Issues for the board: None.

## Membership Data:
Apache Daffodil was founded 2021-02-16 (4 years ago) There are currently 19 
committers and 18 PMC members in this project.
The Committer-to-PMC ratio is roughly 1:1.

Community changes, past quarter:
- No new PMC members. Last addition was Peter Katlic on 2024-03-17.
- No new committers. Last addition was Peter Katlic on 2024-03-17.

## Project Activity:

The past 6 to 8 months, the project has mostly been dealing with the evolution 
of our underlying Scala platform. Porting from Scala 2.12 to Scala 2.13 was 
quite challenging, as much of the Scala built-in XML support that we were 
strongly dependent on, was removed in Scala 2.13. The subsequent port to Scala
3 required significant changes that will impact all API-level Daffodil users.
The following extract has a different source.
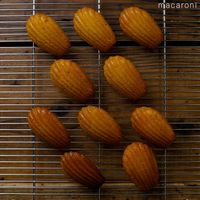 作り方 かぼちゃのマドレーヌ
Daffodil 3.11.0 was released on 2025-06-17 along with the matching Daffodil SBT 
plugin 1.4.0 and Daffodil NiFi 1.21. This is the last release using Scala 2 
technology, specifically the LTS Scala 2.13 version. If necessary we can 
support this longer term as needed for Daffodil library users who have fielded 
products using our Scala 2 code base who are unable to upgrade (more on this 
below) to the forthcoming Daffodil 4.0.0 any time soon.
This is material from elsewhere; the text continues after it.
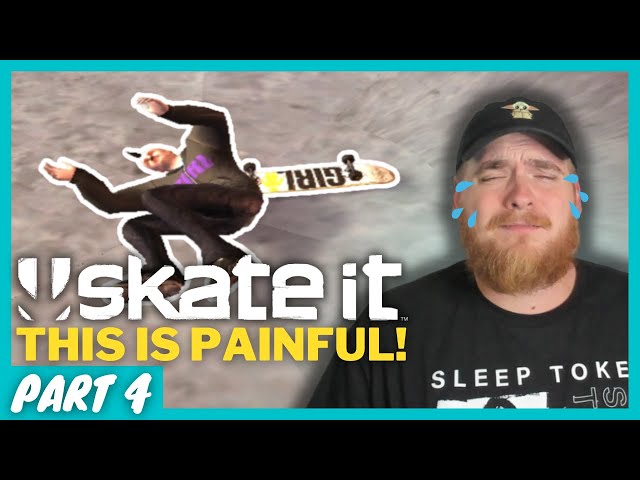 HARDEST Challenge in the Game!? | Skate it Playthrough | Part 4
The Daffodil VSCode Extension 1.4.1 was released on 2025-06-30 and includes 
better overall error handling, improved reliability of Data Editor, correcting 
several schema completion usability issues and creating new-user onboarding and 
new developer onboarding documentation.

Daffodil 4.0.0 is in preparation but imminent. This major release uses Scala 3 
technology, and includes an entirely new and improved API necessitated by 
Scala-Java interoperability changes in Scala 3. The Daffodil API no longer has 
a Java/Scala dual API. It is defined entirely in Java.  In addition to this 
major API discontinuity, we have chosen to fix issues that would also require a 
major version change - some non-conformities to the DFDL specification are 
fixed, for example.
Daffodil 4.0.0 is clearly better than the prior versions and the API is more 
supportable, but the vast bulk of the required changes added no value for our 
users, who may wait for more value-add in subsequent releases before going 
through the upgrade and testing pain.

## Community Health:

Good activity level in developer email and commit activity.
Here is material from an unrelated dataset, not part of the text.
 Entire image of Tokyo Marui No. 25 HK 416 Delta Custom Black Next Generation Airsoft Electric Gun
User list activity has dropped, and this is problematic, as is activity of the 
related DFDL Workgroup at the Open Grid Forum/ISO.

Our current user community is defense cyber-security and that world is happy 
using XML technology as a basis. But broader dev communities no longer use XML 
and there seem to be long term risks to use of XML technologies extending 
beyond just Daffodil. The DFDL schema language is based on XML Schema, and this 
is a sufficient barrier for adoption by developers. This is not new news as we 
have known about this since the time we were an incubator project. But this 
remains a challenge for us in that current XML-oriented users want performance 
improvements, bug fixes, and long-term supportability (e.g., Scala 3) and this 
easily uses up the development capabilities of our whole dev community, yet a 
reinvention of the technology independent of XML Schema is necessary to attract 
a more diverse community of developers in the long term. Our project roadmap 
already reflects these needs and we need to make progress on it.